Ah, yes. It all comes back to government. Why should these gangs of thugs called "governments" bind themselves to principles of justice? They need counterbalancing centers of power. Church. Economic interests. The small size of many of these countries is a problem for which James Madison has wise words in Federalist Paper #10. How do you trade with people who don't produce anything worth having? They won't produce anything without capital investment. No one will invest unless property is secure. If people can be sure of enjoying the fruit of their labors, they will labor.

The latest discussion of the merits of aid to Africa is in the City Journal (Winter 2008), "Hearts of Darkness: Trendy paternalism is keeping Africa in chains" by Michael Knox Beran.

You should also look at a recent New York Sun essay by Amity Shlaes ("One Flawed Gift," Feb. 28, 2008) author of The Forgotten Man: A New History of the Great Depression.

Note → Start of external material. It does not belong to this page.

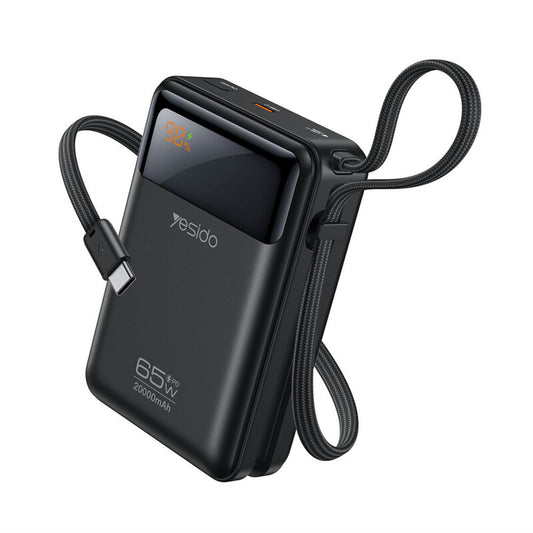 Baterie externa 20000mAh Fast Charge cu cablu, LED Yesido, gri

Her point is, "The 2.3 trillion in aid America and allies have spent in Africa over a half century has been a counter-productive distraction from achieving stable growth."

A missionary to a particular African country who, unlike his suffering church, was recently released from prison and expelled from the country, recommended Martin Meredith's The Fate of Africa which, I am told, attributes much of Africa's problems to bad governance. That conclusion should be universally obvious. Sadly, it is not.